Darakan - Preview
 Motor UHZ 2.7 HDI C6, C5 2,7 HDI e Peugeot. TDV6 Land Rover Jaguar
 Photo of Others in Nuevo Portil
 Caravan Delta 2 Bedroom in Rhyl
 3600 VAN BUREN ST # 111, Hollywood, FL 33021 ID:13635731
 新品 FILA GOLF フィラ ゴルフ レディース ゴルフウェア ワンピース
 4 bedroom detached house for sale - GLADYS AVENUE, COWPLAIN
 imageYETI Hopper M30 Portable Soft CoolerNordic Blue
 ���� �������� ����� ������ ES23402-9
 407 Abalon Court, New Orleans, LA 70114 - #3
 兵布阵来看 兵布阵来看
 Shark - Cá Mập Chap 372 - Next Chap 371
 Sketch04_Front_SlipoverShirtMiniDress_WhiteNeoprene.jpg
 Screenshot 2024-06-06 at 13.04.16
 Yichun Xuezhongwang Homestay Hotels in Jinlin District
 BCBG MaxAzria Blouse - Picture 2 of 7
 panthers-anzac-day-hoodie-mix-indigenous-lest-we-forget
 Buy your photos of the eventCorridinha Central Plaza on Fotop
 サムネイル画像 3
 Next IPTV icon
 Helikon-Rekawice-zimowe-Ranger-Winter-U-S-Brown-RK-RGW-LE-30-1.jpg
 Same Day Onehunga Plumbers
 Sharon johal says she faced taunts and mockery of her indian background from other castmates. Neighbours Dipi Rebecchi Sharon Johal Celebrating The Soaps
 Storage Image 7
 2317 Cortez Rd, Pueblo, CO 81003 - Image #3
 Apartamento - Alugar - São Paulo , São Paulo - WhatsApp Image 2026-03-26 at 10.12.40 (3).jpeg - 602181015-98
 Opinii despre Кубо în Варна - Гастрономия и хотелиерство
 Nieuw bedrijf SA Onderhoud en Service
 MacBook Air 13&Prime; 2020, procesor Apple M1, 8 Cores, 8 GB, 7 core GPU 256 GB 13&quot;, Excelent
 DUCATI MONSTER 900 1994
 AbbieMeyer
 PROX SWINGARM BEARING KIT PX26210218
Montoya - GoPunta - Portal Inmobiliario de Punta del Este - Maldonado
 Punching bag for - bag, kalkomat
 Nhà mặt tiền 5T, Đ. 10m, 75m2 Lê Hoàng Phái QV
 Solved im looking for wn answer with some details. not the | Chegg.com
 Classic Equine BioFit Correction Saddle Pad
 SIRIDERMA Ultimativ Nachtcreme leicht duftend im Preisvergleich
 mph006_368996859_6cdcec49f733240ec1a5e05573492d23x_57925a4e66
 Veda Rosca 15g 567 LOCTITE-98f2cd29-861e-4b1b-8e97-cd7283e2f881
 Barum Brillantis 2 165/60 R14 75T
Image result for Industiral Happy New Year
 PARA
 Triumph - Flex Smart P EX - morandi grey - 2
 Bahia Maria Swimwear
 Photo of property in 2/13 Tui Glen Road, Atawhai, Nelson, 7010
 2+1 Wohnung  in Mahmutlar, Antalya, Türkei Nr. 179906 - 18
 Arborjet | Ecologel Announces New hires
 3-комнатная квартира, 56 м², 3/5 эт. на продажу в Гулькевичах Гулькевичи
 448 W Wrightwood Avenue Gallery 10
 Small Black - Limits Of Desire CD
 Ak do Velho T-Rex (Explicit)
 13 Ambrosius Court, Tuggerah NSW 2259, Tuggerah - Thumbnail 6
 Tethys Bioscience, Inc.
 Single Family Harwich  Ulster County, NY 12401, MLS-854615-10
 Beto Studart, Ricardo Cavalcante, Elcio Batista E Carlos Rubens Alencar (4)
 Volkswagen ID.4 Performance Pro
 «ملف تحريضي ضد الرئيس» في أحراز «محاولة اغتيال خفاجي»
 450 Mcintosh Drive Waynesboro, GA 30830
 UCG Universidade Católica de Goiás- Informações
++++
● What needs to be done:
Across the listing, how many lines hold the word "Court"? Please state that number only.

● Result:
2